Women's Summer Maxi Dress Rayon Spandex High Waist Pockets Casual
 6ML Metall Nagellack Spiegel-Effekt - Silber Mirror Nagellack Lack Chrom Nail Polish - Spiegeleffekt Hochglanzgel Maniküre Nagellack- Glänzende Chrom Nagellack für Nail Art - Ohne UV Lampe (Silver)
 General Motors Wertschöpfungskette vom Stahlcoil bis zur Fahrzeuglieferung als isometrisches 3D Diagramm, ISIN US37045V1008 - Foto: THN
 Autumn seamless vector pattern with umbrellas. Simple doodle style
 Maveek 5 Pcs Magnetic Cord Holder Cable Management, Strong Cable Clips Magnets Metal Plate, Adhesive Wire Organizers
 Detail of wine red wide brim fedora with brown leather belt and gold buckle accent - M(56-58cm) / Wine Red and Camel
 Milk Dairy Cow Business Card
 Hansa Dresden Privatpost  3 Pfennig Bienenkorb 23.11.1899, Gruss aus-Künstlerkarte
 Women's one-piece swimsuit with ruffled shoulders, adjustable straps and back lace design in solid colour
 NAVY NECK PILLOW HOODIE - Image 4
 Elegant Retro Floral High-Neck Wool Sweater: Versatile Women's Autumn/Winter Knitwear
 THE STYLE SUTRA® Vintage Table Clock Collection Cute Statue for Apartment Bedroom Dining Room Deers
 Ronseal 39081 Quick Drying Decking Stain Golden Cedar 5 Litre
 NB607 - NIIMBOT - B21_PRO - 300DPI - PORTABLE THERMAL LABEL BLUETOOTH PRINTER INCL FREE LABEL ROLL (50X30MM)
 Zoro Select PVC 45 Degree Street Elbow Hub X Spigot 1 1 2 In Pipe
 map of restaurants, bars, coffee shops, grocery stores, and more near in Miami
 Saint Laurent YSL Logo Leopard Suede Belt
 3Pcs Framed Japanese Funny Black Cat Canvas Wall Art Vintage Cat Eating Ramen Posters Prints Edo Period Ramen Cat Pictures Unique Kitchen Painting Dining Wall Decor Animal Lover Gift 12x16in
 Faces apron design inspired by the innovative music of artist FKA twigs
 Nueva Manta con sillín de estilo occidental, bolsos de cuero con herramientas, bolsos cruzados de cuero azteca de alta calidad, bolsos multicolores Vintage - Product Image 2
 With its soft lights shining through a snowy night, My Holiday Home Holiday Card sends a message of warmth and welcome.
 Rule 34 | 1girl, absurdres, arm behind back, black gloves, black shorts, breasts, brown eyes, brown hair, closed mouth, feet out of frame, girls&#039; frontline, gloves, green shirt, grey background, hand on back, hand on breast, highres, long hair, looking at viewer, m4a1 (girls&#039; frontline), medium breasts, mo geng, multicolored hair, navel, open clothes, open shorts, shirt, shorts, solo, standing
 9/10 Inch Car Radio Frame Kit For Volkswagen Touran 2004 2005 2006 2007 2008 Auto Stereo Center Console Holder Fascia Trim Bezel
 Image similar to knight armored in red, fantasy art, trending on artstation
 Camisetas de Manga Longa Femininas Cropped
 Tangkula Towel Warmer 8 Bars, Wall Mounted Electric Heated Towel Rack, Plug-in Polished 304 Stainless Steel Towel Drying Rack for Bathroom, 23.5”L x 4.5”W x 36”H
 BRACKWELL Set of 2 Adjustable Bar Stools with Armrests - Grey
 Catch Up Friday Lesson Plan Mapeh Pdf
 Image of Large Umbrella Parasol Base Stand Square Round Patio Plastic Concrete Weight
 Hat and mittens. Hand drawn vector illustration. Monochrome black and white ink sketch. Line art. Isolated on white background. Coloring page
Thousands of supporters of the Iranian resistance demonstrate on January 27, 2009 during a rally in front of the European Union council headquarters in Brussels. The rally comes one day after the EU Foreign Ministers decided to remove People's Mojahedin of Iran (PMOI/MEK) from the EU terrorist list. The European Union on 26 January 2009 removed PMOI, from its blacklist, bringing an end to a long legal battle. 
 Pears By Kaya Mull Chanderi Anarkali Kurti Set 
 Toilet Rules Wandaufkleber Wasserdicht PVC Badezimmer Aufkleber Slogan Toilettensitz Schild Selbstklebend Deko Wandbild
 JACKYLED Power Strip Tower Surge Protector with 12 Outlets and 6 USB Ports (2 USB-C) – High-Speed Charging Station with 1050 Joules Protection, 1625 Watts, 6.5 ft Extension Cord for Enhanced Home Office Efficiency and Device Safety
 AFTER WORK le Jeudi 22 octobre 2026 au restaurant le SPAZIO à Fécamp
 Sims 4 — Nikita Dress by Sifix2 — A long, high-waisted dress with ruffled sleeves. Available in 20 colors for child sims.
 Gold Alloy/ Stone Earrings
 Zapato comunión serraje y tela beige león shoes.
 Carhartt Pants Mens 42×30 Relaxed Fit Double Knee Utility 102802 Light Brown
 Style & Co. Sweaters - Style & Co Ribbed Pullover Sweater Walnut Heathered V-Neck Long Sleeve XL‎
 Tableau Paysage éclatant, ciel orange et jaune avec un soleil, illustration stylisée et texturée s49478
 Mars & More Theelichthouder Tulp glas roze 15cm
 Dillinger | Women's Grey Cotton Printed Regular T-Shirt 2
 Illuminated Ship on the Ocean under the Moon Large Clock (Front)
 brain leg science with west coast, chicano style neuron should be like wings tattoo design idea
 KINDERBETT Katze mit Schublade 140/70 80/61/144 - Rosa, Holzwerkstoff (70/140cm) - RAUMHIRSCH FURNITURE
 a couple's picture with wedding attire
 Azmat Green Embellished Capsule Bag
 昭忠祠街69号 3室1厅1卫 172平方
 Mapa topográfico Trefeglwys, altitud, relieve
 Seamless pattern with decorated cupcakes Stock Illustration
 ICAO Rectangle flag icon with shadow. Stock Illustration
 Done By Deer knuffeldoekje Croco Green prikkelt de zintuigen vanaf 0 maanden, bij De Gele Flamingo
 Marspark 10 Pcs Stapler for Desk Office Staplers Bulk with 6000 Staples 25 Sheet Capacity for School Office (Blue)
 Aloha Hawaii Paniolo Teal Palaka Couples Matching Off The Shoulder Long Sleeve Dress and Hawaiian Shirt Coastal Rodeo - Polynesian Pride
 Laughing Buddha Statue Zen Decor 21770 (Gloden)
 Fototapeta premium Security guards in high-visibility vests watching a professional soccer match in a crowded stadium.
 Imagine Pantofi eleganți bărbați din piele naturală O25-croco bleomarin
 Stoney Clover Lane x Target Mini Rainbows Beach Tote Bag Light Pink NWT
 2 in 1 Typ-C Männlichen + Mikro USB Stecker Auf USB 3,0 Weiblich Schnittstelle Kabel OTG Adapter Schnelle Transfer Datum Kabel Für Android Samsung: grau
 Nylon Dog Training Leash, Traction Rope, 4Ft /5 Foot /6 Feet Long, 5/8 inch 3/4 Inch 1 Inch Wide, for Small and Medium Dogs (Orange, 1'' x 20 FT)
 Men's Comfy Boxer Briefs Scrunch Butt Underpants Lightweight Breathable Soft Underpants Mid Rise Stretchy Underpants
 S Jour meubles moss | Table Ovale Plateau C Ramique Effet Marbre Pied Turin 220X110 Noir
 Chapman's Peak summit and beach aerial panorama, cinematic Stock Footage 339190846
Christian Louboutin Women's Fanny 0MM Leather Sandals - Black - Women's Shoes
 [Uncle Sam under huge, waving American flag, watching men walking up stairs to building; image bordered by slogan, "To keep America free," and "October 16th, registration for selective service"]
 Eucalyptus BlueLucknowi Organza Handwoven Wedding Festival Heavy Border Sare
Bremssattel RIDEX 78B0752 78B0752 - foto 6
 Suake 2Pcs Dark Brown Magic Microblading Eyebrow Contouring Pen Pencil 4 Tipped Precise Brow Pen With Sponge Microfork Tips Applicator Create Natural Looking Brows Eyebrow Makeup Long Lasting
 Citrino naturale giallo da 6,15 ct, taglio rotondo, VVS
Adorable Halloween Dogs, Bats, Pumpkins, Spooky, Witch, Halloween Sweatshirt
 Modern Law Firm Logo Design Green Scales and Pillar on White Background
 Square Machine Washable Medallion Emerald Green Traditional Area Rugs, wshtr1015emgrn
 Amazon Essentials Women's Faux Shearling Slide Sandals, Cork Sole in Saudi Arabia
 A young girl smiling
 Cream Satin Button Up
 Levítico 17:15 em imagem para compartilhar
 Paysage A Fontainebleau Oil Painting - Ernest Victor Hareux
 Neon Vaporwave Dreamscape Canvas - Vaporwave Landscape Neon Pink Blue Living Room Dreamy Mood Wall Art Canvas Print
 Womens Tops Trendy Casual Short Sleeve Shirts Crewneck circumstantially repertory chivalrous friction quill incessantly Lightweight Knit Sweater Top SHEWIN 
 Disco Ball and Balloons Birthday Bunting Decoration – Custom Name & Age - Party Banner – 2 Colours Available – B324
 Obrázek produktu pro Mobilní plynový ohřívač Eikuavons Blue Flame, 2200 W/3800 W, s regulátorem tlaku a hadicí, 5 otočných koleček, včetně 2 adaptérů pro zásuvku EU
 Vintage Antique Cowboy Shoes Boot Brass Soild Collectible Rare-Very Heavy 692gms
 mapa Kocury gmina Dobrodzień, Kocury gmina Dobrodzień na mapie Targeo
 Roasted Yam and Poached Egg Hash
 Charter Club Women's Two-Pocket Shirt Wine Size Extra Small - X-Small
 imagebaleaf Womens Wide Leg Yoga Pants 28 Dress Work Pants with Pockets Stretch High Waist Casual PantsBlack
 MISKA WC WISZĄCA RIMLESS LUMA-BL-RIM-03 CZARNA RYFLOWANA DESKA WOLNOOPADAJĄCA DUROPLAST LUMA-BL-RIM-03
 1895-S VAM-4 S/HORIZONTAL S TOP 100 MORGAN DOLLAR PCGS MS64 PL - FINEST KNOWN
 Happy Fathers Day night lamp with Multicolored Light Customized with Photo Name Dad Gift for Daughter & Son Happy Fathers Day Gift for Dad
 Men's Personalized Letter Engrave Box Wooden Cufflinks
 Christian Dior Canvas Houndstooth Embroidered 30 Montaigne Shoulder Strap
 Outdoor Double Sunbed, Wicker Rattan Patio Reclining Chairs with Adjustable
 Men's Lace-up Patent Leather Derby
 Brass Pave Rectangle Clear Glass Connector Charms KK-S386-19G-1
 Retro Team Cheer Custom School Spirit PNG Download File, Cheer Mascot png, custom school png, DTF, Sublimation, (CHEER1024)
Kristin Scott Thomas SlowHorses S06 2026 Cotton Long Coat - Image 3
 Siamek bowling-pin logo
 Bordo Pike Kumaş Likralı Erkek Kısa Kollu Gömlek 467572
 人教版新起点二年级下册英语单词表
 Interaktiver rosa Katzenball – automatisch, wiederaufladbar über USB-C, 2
========================================================================
### Problem details:
Scan the listing above and identify each line holding the string "Womens"; copy every such line.

### Answer below:
 Womens Tops Trendy Casual Short Sleeve Shirts Crewneck circumstantially repertory chivalrous friction quill incessantly Lightweight Knit Sweater Top SHEWIN 
 imagebaleaf Womens Wide Leg Yoga Pants 28 Dress Work Pants with Pockets Stretch High Waist Casual PantsBlack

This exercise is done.